Work instruction. Down to the last line below, repeat the entries word for word and drop the pictures.

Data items
● ● ● ● ● ● ●
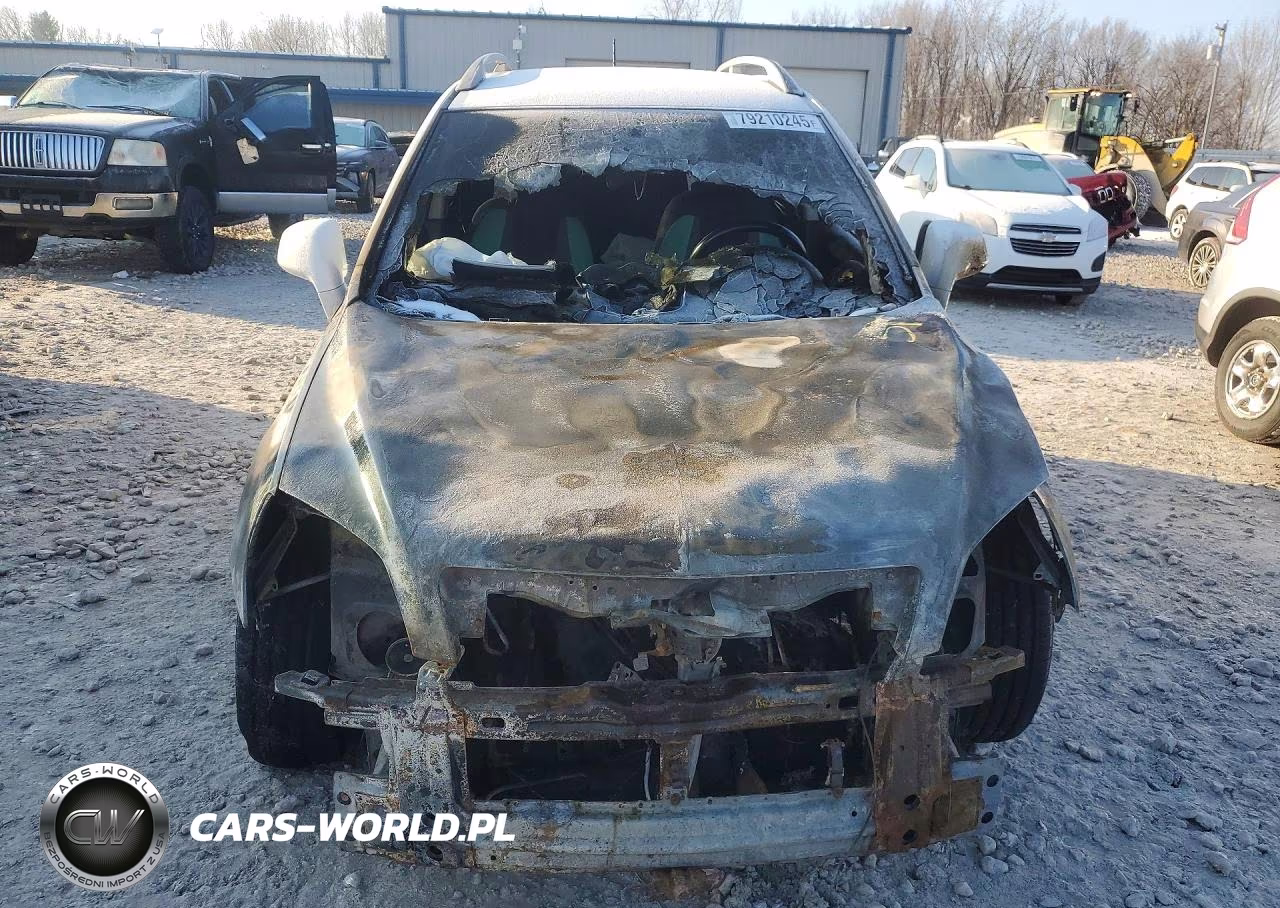 2013 Chevrolet Captiva Ls VIN:3GNAL2EK3DS588113 - 5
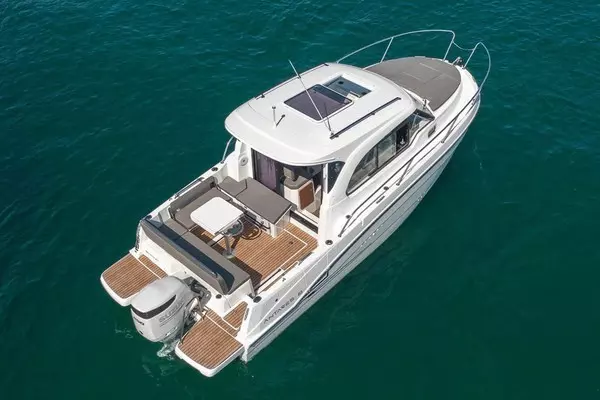Photo of the 2026 Beneteau Antares 8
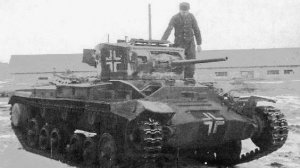 Английские трофеи Вермахта.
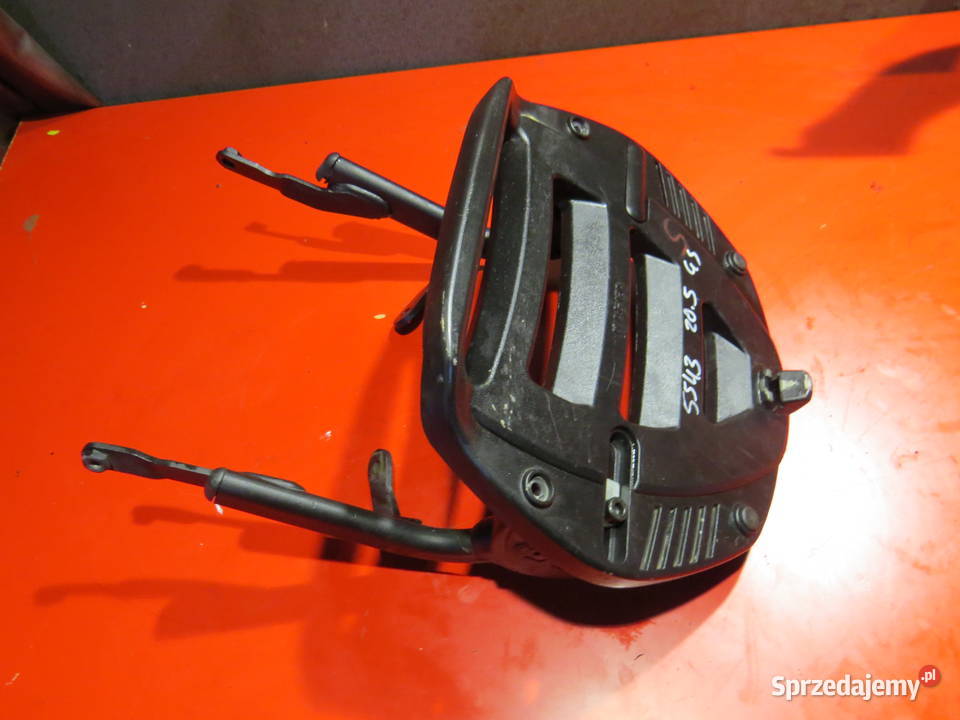 BMW GS 650 GS650 03 stelaz bagażnika kufra Wrocław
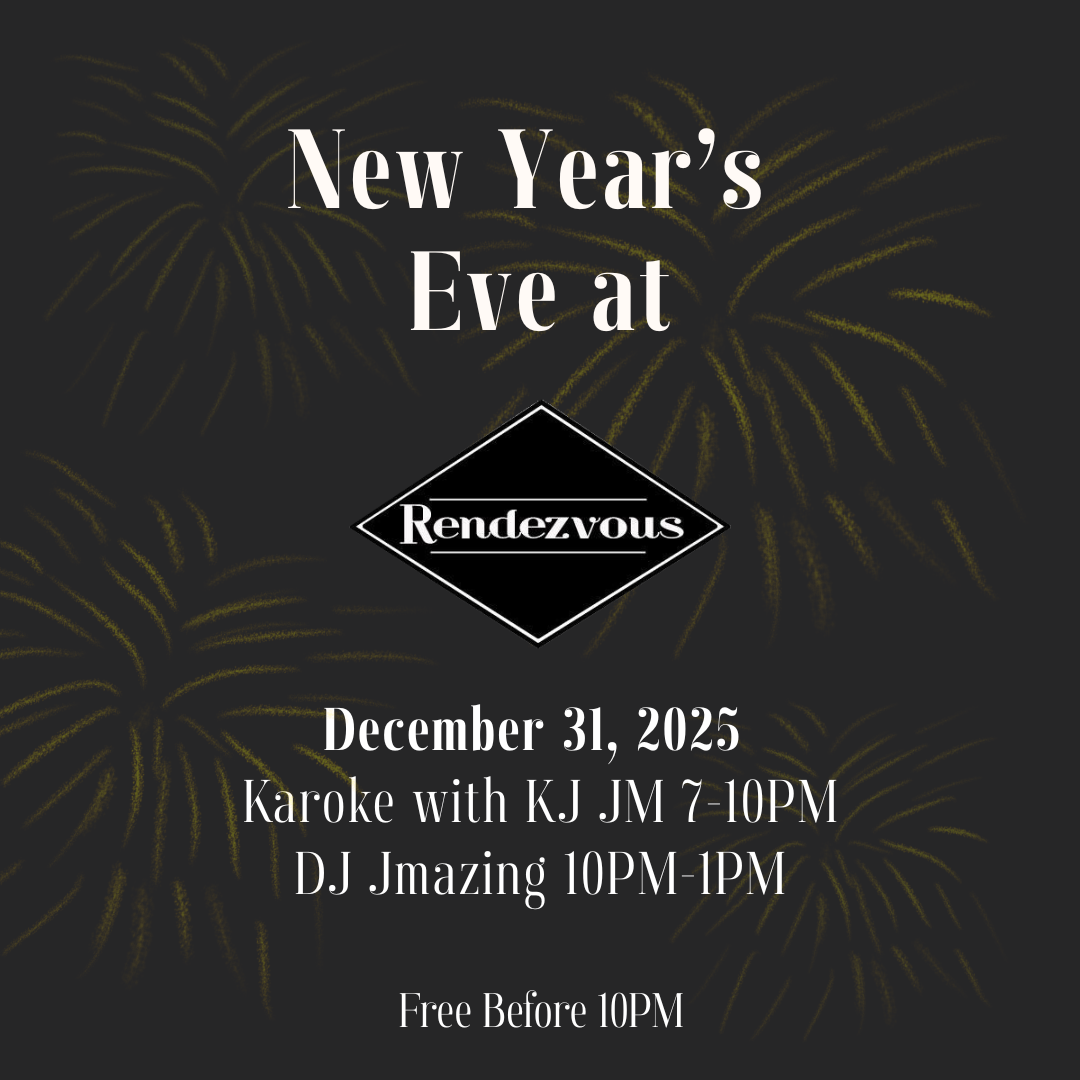 NYE at Rendezvous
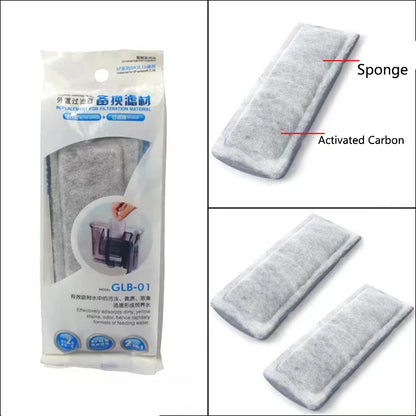 Aquarium Filter Sponge for Aquarium Fish Tank Air Pump Skimmer Biochemical Sponge Filter Aquarium Bio Filter Filtro Aquario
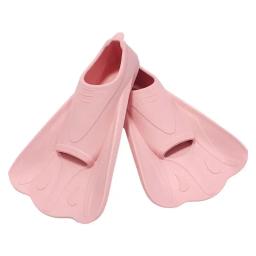 Nadadeiras para Crianças, Barbatanas de Mergulho Macias para Mergulho com Snorkel, Barbatanas de Treinamento para Natação Infantil, Essenciais para o Treinamento de Natação de Meninos e Meninas - Image 6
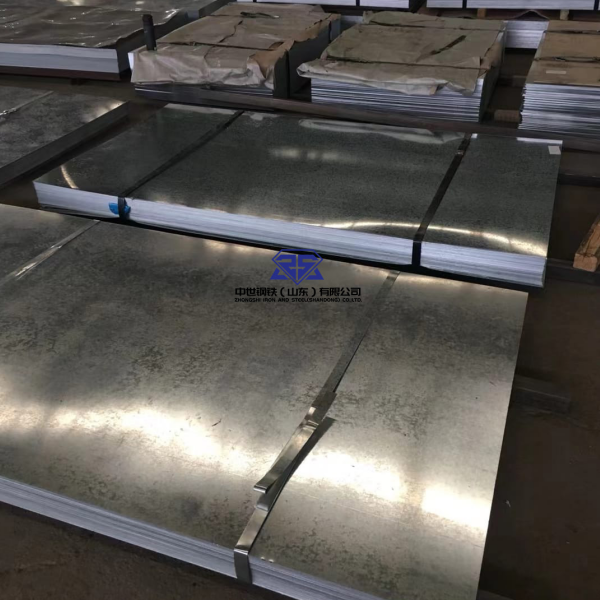 Zinc Galvanized Corrugated Steel Iron Roofing Tole Sheets for House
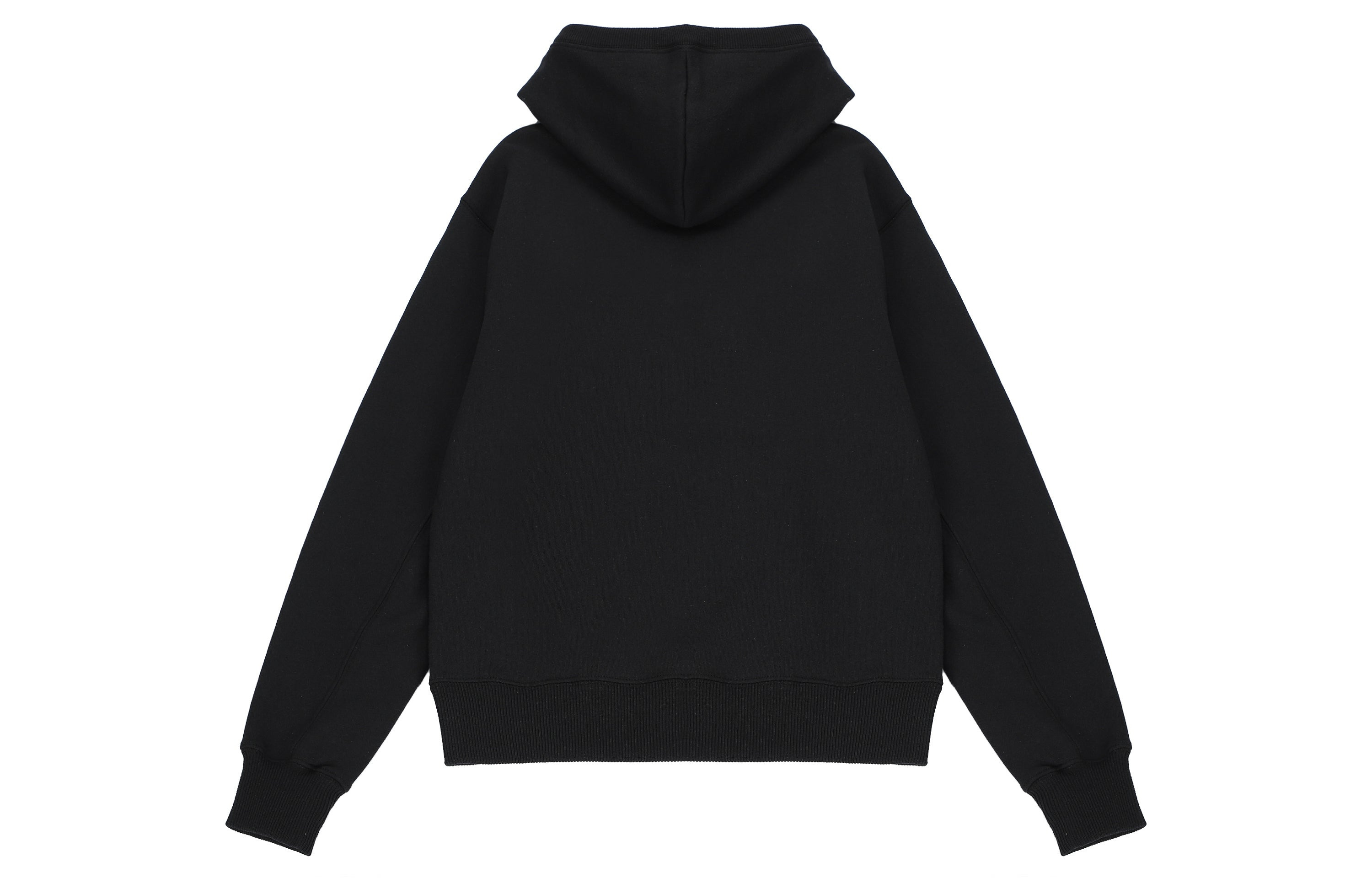 New Balance MADE in USA Core Hoodie 'Black' MT21540-BK - 2
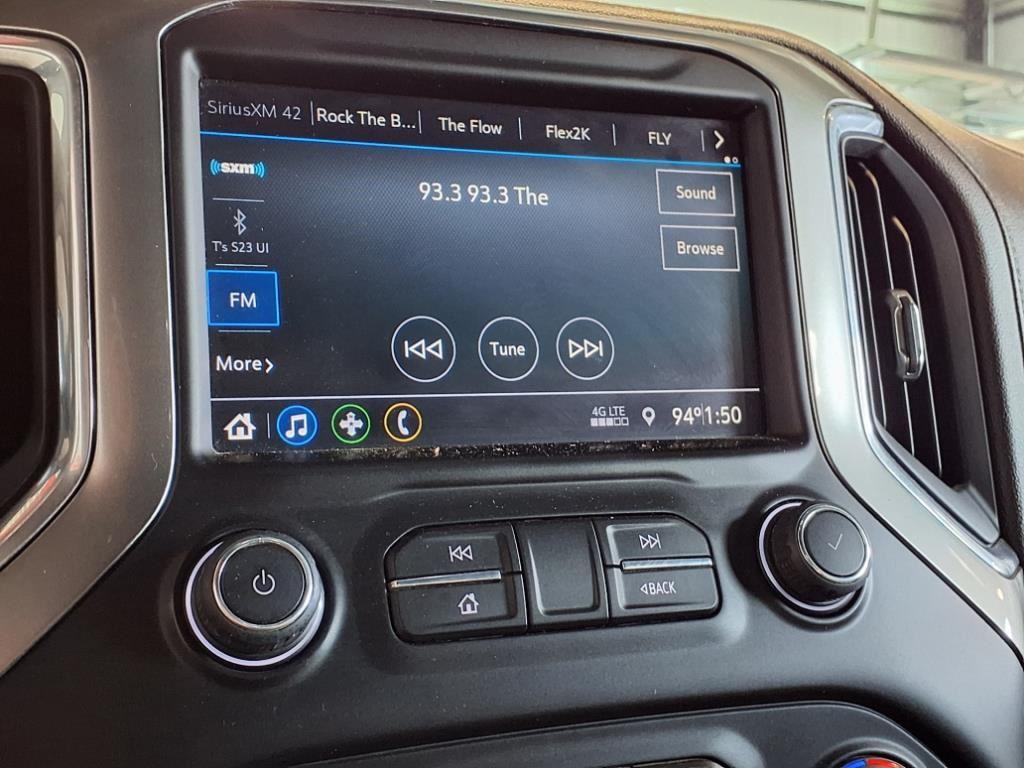 2021 Chevrolet Silverado 1500 LT - Satin Steel Metallic exterior view 20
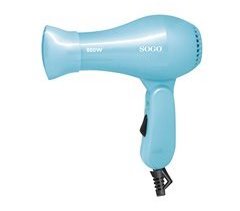 SOGO SECADOR PLEGABLE+CONCENTR.- AZUL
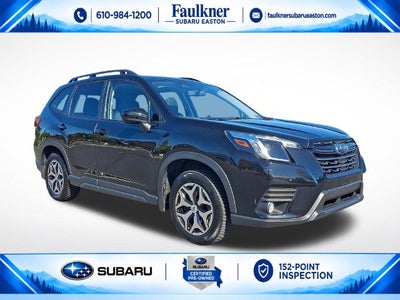 2023 Subaru Forester Premium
● ● ● ● ● ● ●
Your solution.
 2013 Chevrolet Captiva Ls VIN:3GNAL2EK3DS588113 - 5
Photo of the 2026 Beneteau Antares 8
 Английские трофеи Вермахта.
 BMW GS 650 GS650 03 stelaz bagażnika kufra Wrocław
 NYE at Rendezvous
 Aquarium Filter Sponge for Aquarium Fish Tank Air Pump Skimmer Biochemical Sponge Filter Aquarium Bio Filter Filtro Aquario
 Nadadeiras para Crianças, Barbatanas de Mergulho Macias para Mergulho com Snorkel, Barbatanas de Treinamento para Natação Infantil, Essenciais para o Treinamento de Natação de Meninos e Meninas - Image 6
 Zinc Galvanized Corrugated Steel Iron Roofing Tole Sheets for House
 New Balance MADE in USA Core Hoodie 'Black' MT21540-BK - 2
 2021 Chevrolet Silverado 1500 LT - Satin Steel Metallic exterior view 20
 SOGO SECADOR PLEGABLE+CONCENTR.- AZUL
 2023 Subaru Forester Premium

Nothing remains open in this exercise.